When one of the best teams plays one of the worst, the result is almost certainly going to be a noncompetitive exercise. Las Vegas bookmakers suffered one of their worst weekends on record Sunday, and that's an insight into the state of the NFL. When favorites win, Vegas suffers. It's typically an any-given-Sunday league, with almost every team clumped together. This year, the gap between the best and worst makes the league far more predictable.

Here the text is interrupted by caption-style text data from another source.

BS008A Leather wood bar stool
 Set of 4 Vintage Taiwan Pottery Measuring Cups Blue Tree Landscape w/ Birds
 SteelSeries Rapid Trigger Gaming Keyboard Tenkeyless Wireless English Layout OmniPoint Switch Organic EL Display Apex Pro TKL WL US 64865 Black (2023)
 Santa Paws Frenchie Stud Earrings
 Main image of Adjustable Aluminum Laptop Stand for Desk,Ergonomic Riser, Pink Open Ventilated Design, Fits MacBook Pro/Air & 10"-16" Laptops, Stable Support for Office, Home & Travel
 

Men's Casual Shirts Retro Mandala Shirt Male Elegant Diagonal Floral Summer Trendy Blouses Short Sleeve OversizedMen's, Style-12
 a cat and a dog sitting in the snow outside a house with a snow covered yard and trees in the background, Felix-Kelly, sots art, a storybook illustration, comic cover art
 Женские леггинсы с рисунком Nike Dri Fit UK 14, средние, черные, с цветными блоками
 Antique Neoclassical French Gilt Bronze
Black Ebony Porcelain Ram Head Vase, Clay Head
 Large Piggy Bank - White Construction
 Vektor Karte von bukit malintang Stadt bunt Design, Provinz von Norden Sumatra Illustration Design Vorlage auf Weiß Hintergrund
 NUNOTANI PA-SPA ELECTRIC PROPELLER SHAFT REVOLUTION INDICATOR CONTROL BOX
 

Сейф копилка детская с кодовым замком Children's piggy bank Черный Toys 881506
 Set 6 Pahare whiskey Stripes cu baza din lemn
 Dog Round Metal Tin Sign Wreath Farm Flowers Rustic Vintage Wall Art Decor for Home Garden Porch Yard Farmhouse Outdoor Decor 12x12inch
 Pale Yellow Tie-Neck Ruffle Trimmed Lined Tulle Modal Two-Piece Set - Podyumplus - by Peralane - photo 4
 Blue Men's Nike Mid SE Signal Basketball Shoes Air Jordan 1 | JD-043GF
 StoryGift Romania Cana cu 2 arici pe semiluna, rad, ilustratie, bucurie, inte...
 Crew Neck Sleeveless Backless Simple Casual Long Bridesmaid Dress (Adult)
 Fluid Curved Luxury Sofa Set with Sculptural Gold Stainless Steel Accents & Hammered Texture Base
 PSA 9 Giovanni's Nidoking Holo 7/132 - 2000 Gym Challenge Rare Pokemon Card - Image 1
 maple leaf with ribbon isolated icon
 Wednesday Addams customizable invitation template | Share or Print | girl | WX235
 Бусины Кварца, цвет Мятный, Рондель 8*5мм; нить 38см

The phenomenon is not an accident. NFL teams have been far more aggressive identifying their place on the contention cycle and more willing to act on it. Andrew Brandt, a former Green Bay Packers executive, listed several reasons. Eagles personnel czar Howie Roseman has always been one of the most active GMs, and because he won the Super Bowl, teams have copied him. More cap space has meant more flexibility for trades. NFL general managers are skewing younger, more aggressive and more collegial. Moving the trade deadline back two weeks allowed teams a more defined evaluation of their in-season hopes, which triggered a burst of trades this year that would be familiar to the NBA or MLB but was previously foreign to the NFL.
"It's a more active league transaction-wise than it used to be," Brandt said. "Maybe that's part of it. Teams used to muddle along with whatever they had and see where it got them."
The state of quarterback play and pay structure also encourages teams to stock up on either talented players for the present or draft picks for the future. Teams with adequate quarterbacks on rookie contracts have an opportunity to fit high-priced talent at other positions under the salary cap — the Rams and Bears took advantage this offseason. Teams with high-priced veteran quarterbacks are, almost by definition, committed to contention. And teams without adequate quarterbacks aren't going anywhere, so they may as well sell off pieces for picks that might position them to draft a franchise passer.
More moves means more pushing toward one competitive extreme or the other. If the Jets approached this year with the single priority of winning as many games as possible, they might be starting Teddy Bridgewater at quarterback. Instead, Bridgewater is serving as Drew Brees insurance in New Orleans, which sent a pick to the Jets at the end of the summer to acquire him. The Chicago Bears have a path to victory in the NFC North primarily because the Raiders decided they'd rather have two first-round picks than Khalil Mack at $25 million per season.
How to define those moves are another matter. When the Lions traded Golden Tate, their best offensive skill player, last week, were they tanking? Or were they wisely accruing a future asset at the cost of a present asset on a team with no chance of Super Bowl contention? The Raiders have willingly unloaded anything that isn't tied down. Does that mean Jon Gruden is a long-term visionary or a $100 million embarrassment?
Either way, the effect on the remainder of the season will be the same. The playoff picture will be shaped by which contenders draw those teams at the bottom of the league. The Minnesota Vikings play only one game, at the Lions, against those nine dregs listed above. The Bears play the Lions twice, plus the 49ers and Giants. In half of their remaining games, the Bears will meet scant resistance, and it may be enough to earn them the NFC North title.
Even though the trade deadline has passed, the difference between the best and worst may only grow wider. The physicality and violence of the sport prevents NFL players from lying down. But for teams long since out of contention, the incentive to tank for better draft picks is strong. Players with mild injuries may be encouraged to sit. Younger players will receive more playing time.
The clashes between the league's very best will continue to drive soaring ratings. Who can wait for Chiefs-Rams in Mexico City on Nov. 19? But there's a consequence to so much talent clustering on a handful of teams, and it's a preponderance of teams lacking talent. Those two extremes will become even more evident over the next two months.